Losing senses of taste, smell are diagnostic COVID-19 symptoms, study suggests
App finds 50,000 people in U.K. using symptom-reporting app likely have unconfirmed infections
Losing your sense of smell and taste may be the best way to tell if you have COVID-19, according to a study of data collected via a symptom tracker app developed by British scientists to help monitor the pandemic caused by the new coronavirus.
Almost 60 per cent of patients who were subsequently confirmed as positive for COVID-19 had reported losing their sense of smell and taste, the data analyzed by the researchers showed.
That compared with 18 per cent of those who tested negative. Loss of taste and smell had previously been reported as a symptom that could be used for screening people for the disease.
These results, which were posted online but not peer-reviewed, were much stronger in predicting a positive COVID-19 diagnosis than self-reported fever, the researchers at King's College London said.

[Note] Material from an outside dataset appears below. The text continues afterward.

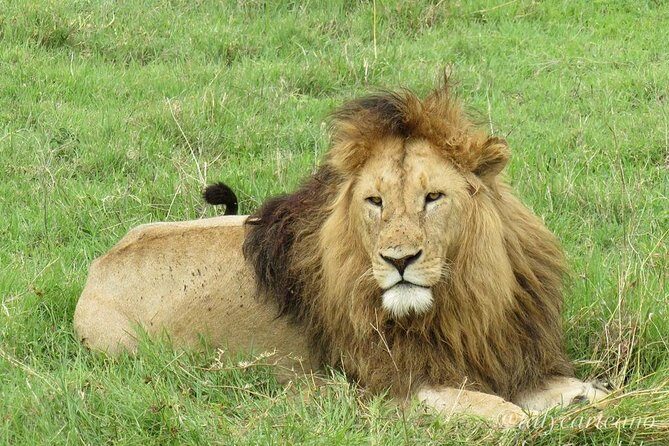 4-Day Safari from Arusha: Tarangire, Serengeti and Ngorongoro - Day 1 in Tarangire National Park: elephants, baobabs, and rare surprises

Of 1.5 million app users between March 24 and March 29, 26 per cent reported one or more symptoms through the app. Of these, 1,702 also reported having been tested for COVID-19, with 579 positive results and 1,123 negative results.
Symptom means you should self-isolate
Using all the data collected, the research team developed a mathematical model to identify which combination of symptoms — ranging from loss of smell and taste, to fever, persistent cough, fatigue, diarrhea, abdominal pain and loss of appetite — was most accurate in predicting COVID-19 infection.
"When combined with other symptoms, people with loss of smell and taste appear to be three times more likely to have contracted COVID-19 according to our data, and should therefore self-isolate for seven days to reduce the spread of the disease," said Tim Spector, a King's professor who led the study.
Spector's team applied their findings to the more than 400,000 people reporting symptoms via the app who had not yet had a COVID-19 test, and found that almost 13 per cent of them are likely to be infected.
This would suggest that some 50,000 people in Britain may have as-yet unconfirmed COVID-19 infections, Spector said.
Official figures showed confirmed cases rose 14 per cent in Britain between Monday and Tuesday to 25,150 as of Tuesday at 8 a.m. GMT. The government said 1,789 people have died in hospitals from coronavirus as of 4. p.m. GMT on Monday.